9800/9700 Z-fill question.

So, seems to me like the summary is:

4xAA: no cards have fast Z writes
2xAA: GeForceFX and Radeon 9x00 have speed gain (more for the GeForceFX). No speed gain for GeForce 6800.
No AA: GeForceFX and GeForce 6800 have a speed gain (almost 2x). Radeons have no speed gain.

I'm baffled by the 4xAA results. It's a commonly used AA mode, and I'm not sure why there's no optimisation for it on any of the cards. Any technical reason for it? (I can't really see it.)

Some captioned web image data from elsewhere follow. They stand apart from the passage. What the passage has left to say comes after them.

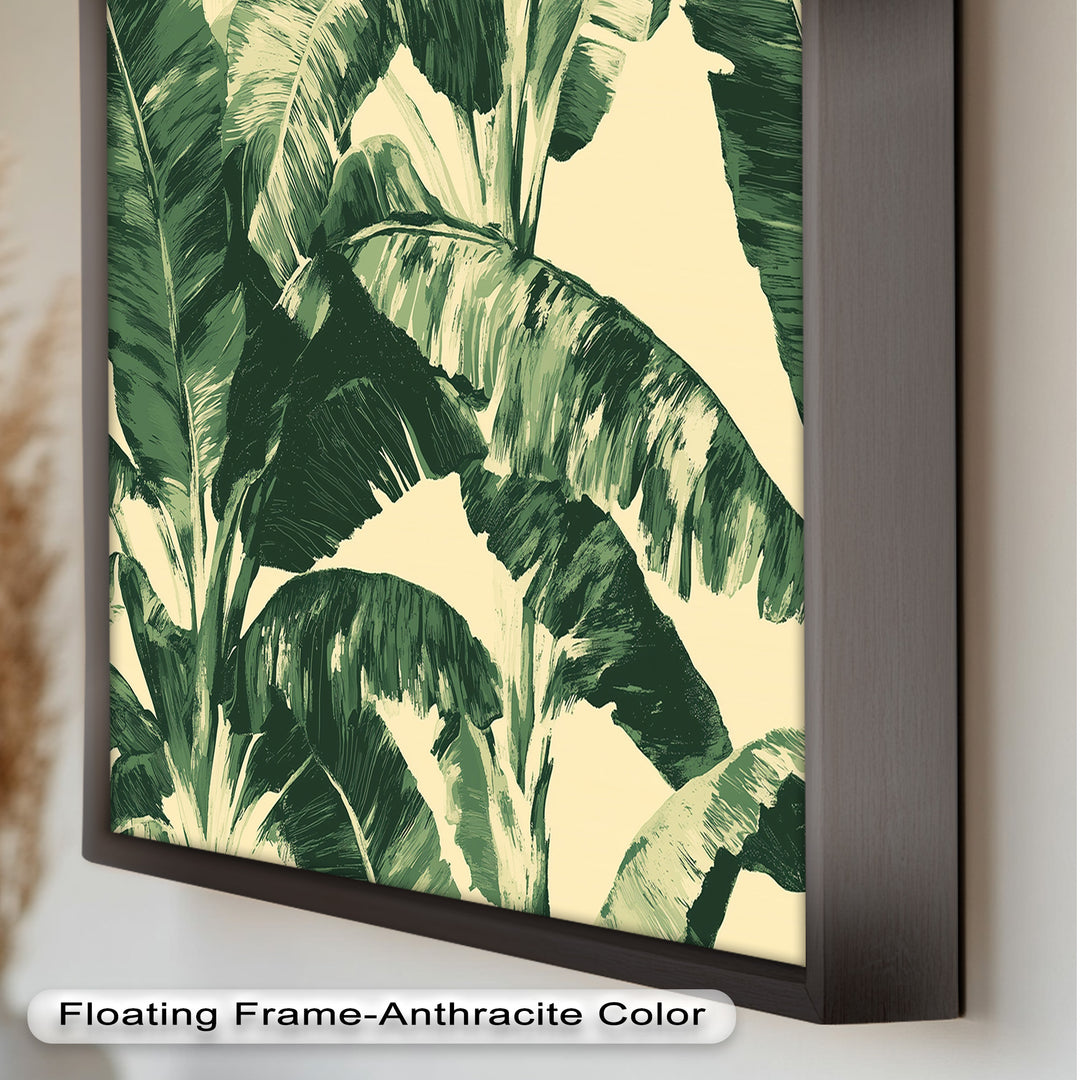 Bananenblatt-Botanische Kunst – Gerahmtes Ölgemälde
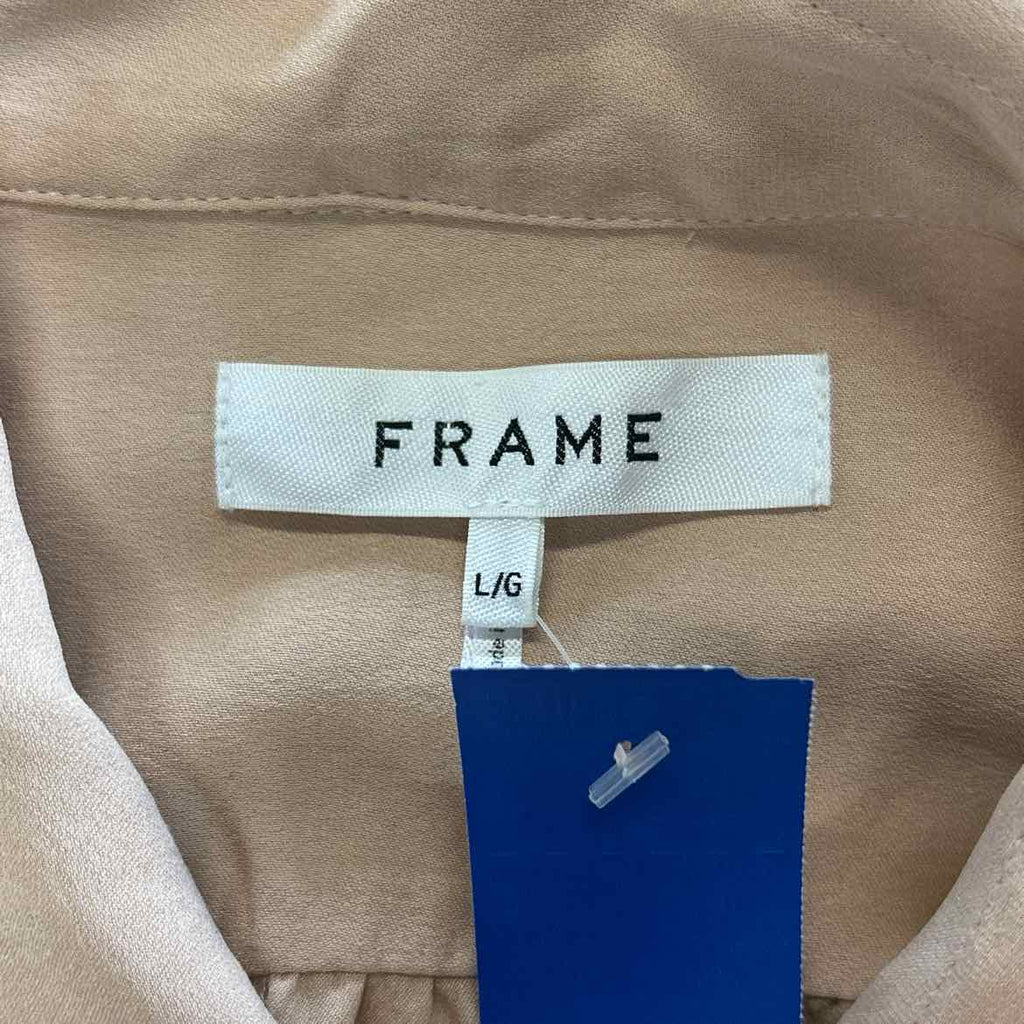 Frame Size L Pink Silk Preloved Button Down LS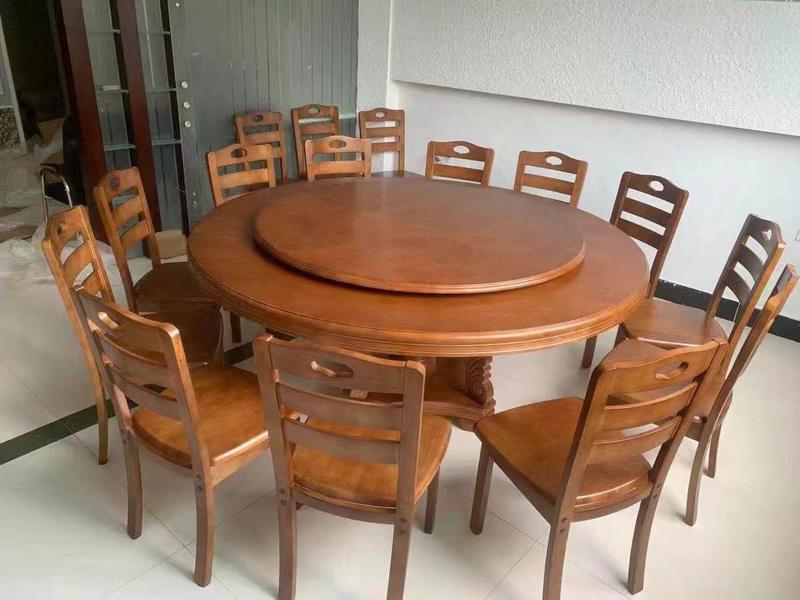 凤尾圆桌一桌六椅1.3米，1.5米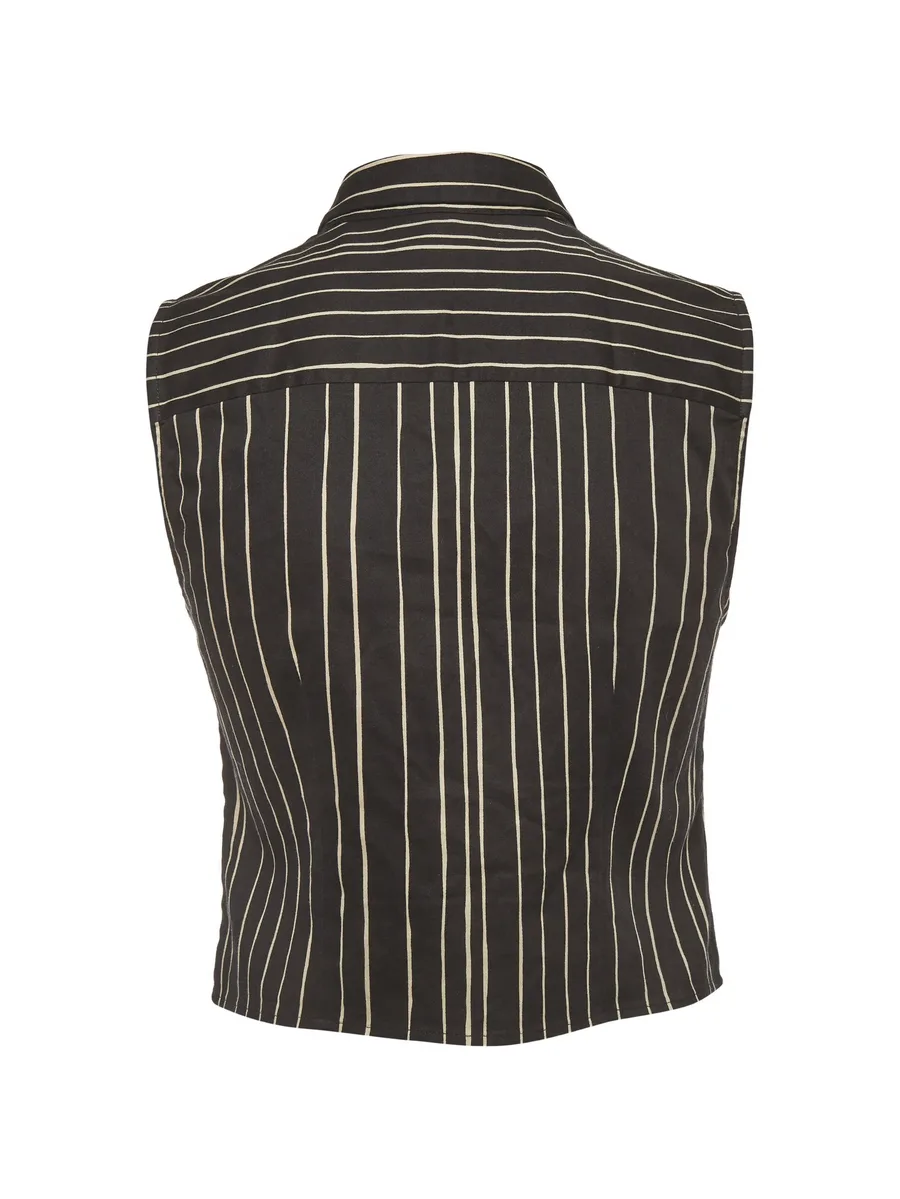 Lea striped sleeveless cropped shirt 3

I can see ATI gaining no benefit from this in benchmarks, since No-AA and 4xAA are the common settings. 2xAA is rarely benchmarked. It'd be interesting to see some 2x benchmark results for Doom3.
 
I'm baffled by the 4xAA results. It's a commonly used AA mode, and I'm not sure why there's no optimisation for it on any of the cards. Any technical reason for it? (I can't really see it.)

Bandwidth.
 
Mostly internal bandwidth (from ROP to tile cache), and die space for the ROPs. External bandwidth too, but compression does a good job in reducing the difference between 2x and 4x. The case that pixels take only one clock in the shader isn't that common to justify the cost any more. Two ROPs per pipe are enough.
 
Yep, since if you simply look at the multitexturing results, you'll note that at more than two textures per pixel, there is no performance drop from 2x or 4x FSAA. This shows that the if a pixel takes more than one clock to output (at 4x FSAA, it takes two clocks), then there's no problem if the pxiel takes at least that amount of time to process.
 
It should be noted that the 5900XT (mine) on the second graph is running at 5900 ultra speeds (hence it beating the 5900).

I'm rather glad that the Z fill boost is still apparent on the NV35 at 2xAA.
I was ruling out the use of AA in Doom3 completely, but it looks like I should get reasonable results with 2x at least.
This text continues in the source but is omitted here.